Две империи сцепились в поединке, и в результате строители Дворца Советов ушли на войну, а запасы замечательной легированной «стали ДС» были пущены на изготовление противотанковых ежей. Когда потребовался металлопрокат для восстановления разрушенных бомбардировками железнодорожных мостов, начали разбирать каркас — иначе и быть не могло: «Всё для фронта, всё для победы».
Строительство Дворца Советов. Фото из архивных фондов Департамента культурного наследия города Москвы, 1941 г.
После войны стройка уже не возобновилась — в СССР требовалось восстановить так много жизненно важных объектов, что Дворец Советов пришлось отодвинуть «на потом». Официально проект не был закрыт, и работа над ним продолжалась до конца 1940-х годов. Прорабатывались варианты по уменьшению этажности, делались попытки каким-то образом в проекте увековечить победу советского народа в Великой Отечественной войне...

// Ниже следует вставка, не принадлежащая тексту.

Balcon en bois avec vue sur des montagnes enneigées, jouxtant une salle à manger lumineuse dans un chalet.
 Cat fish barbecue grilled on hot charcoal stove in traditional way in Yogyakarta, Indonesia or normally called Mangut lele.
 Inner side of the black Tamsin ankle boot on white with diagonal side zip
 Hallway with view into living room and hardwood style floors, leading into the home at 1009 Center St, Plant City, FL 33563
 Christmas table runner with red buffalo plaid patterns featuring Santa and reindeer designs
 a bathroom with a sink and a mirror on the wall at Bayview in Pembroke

Но в итоге дело кончилось тем, что возглавляемое Иофаном управление строительства Дворца Советов при Совете министров СССР было преобразовано в трест по строительству высотных сооружений, и пришлось Борису Михайловичу подключиться к возведению сталинских высоток, а громадный бетонный фундамент так и остался зиять в центре столицы, круглой лужей дождевой воды отражая бегущие над ним облака.
Как знать, не эта ли печальная картина навела кого-то на мысль превратить злосчастное сооружение в бассейн, но так и было сделано в 1960 году. В летнюю жару традиционно закрывавшийся на ремонт, а в холодное время года покрытый сизым облаком тумана, бассейн «Москва» являл собой довольно странную картину, видеть которую из своих окон Борис Иофан был обречён, пока в 1976 году смерть не избавила его от этого зрелища.
Плавательный бассейн «Москва». Фото из фонда ЦИГИ, конец 1960-х гг.
Дворец съездов для единогласно одобряемых решений построили на территории Кремля, станцию метро «Дворец Советов» переименовали в «Кропоткинскую», и можно было бы сказать, что история строительства циклопического сооружения высотой до облаков окончилась ничем, но это не так.
Архитектурный стиль Дворца Советов в итоге перевоплотился в то, что принято сейчас называть «сталинский ампир». Множество инженерных решений, найденных для проекта, пригодились позже — от принципов подсветки высотных зданий до приёмов монтажа, использованных при возведении Останкинской башни. Созданный для строительства Дворца Советов камнеобрабатывающий комбинат одел в гранит мосты и набережные Москвы, а мрамором облицевал станции метро и стены восстановленного в 1990-х годах храма Христа Спасителя.
Собственно, храм и стоит всё на том же оставшемся от Дворца Советов фундаменте.